/contrib/famzah

Enthusiasm never stops


Leave a comment

Speed up SSH connections by splitting known_hosts per host

For a while, my mpssh runs were getting slow. I use it daily against about 1400 Linux hosts, and a trivial true command across 999 parallel SSH sessions had drifted to roughly two minutes. During the run, my desktop would get a sharp CPU spike, and the mpssh executions started interfering with interactive work. I started wondering whether newer OpenSSH packages, the growing host count, or even ssh-agent were to blame.

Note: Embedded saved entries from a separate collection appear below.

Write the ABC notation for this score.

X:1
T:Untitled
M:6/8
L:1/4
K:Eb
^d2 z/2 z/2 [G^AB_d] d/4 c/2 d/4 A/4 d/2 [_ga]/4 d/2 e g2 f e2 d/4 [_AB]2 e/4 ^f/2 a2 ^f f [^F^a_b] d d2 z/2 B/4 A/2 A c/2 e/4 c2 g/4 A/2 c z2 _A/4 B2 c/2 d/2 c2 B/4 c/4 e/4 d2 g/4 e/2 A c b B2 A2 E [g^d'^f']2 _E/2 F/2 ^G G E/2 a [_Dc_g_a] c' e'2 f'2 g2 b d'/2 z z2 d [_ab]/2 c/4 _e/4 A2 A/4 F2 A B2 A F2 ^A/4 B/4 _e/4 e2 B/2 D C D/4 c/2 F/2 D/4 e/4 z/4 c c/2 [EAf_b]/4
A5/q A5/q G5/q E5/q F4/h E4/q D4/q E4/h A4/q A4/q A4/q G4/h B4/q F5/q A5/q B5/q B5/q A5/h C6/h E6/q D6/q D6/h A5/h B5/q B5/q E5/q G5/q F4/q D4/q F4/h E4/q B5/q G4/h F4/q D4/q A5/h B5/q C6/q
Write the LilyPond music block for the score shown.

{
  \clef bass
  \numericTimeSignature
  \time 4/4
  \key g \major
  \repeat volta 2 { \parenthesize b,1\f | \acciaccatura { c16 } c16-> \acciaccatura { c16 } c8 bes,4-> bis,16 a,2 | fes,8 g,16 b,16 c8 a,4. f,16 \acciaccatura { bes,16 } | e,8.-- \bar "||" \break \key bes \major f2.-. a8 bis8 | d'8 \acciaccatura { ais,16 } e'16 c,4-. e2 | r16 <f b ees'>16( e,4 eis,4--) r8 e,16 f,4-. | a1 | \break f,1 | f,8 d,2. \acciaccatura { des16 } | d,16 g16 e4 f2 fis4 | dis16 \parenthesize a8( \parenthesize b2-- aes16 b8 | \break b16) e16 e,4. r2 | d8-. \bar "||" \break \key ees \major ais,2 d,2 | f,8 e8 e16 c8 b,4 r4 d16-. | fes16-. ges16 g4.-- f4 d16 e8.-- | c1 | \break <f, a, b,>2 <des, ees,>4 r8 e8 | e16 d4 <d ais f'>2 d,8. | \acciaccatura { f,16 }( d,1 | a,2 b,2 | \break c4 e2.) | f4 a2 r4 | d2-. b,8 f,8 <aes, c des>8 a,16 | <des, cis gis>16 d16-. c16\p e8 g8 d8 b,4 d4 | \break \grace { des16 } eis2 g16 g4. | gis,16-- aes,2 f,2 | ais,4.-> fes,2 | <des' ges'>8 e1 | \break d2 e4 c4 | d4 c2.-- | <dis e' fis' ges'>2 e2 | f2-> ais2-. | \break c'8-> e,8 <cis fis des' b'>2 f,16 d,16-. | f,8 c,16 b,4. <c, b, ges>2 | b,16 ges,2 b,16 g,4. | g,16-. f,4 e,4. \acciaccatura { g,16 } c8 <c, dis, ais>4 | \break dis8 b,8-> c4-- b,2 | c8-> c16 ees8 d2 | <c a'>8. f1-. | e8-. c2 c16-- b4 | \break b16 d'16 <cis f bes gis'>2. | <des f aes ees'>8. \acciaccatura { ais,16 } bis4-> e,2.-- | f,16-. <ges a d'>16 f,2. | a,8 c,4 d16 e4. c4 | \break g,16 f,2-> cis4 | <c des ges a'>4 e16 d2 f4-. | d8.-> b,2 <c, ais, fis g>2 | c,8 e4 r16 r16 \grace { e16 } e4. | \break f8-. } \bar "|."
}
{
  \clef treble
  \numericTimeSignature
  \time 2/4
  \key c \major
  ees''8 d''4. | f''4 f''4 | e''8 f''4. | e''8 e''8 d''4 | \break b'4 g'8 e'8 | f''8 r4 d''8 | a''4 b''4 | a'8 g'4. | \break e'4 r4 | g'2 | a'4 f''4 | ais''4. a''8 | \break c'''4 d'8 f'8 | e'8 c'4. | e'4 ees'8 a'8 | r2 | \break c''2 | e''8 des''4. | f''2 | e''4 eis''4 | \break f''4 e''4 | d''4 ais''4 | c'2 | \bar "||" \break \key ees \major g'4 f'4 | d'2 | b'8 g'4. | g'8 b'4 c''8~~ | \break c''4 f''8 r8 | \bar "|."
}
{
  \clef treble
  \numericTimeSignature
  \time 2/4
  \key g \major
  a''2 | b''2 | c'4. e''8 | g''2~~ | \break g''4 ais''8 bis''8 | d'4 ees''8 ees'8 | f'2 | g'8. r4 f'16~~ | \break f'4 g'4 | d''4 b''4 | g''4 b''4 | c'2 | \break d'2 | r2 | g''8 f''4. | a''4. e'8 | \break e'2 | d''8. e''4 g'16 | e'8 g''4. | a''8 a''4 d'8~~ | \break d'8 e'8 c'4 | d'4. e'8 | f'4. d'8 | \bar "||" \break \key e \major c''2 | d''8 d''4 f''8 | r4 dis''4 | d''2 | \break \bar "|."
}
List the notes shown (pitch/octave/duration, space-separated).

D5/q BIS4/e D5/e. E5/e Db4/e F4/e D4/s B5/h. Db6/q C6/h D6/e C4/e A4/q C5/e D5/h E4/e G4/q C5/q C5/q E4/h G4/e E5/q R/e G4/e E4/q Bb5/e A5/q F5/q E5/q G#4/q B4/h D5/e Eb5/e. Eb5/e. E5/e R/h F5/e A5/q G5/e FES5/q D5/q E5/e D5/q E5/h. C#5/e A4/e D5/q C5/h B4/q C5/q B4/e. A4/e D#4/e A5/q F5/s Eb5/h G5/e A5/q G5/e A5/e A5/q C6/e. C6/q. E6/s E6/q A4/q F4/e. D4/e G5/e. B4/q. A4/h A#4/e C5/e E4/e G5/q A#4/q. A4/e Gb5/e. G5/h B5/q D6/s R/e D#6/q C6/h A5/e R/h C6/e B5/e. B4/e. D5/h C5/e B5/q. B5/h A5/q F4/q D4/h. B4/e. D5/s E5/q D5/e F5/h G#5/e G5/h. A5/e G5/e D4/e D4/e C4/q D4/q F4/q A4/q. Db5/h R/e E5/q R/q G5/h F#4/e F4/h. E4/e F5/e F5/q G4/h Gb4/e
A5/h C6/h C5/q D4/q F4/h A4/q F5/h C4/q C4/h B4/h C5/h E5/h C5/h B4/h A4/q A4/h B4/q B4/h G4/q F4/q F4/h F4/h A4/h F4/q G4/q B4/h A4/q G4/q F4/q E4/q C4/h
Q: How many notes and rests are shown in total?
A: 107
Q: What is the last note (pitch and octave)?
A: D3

It turned out that the biggest win was splitting my 2.1 MB ~/.ssh/known_hosts into one small file per host. The ssh_config(5) documentation says that UserKnownHostsFile accepts runtime tokens such as %h, so a path like ~/.ssh/known_hosts_single/%h is valid.

I did not prove the exact lookup algorithm OpenSSH uses internally, so I will not speculate too much there. But the benchmark was clear enough: once I stopped feeding SSH a monolithic known_hosts file, the runtime dropped from about two minutes to about thirty seconds with the same host list and the same default 50 ms delay between forks.

Benchmark Summary

SetupBest timeWhat it showed
Baseline, default SSH behavior, monolithic known_hosts, parallelism of 9992m03.482sThis was the original pain point.
Per-host known_hosts, default 50 ms delay26.840sAbout 4.6x faster without any aggressive client-side tuning.
Same per-host setup, but 0 ms delay16.228sFaster again, but much harsher on local CPU.
Per-host setup plus agent/key experimentsRoughly 27-32s at 50 msDisabling ssh-agent or switching RSA to Ed25519 did not materially change the result.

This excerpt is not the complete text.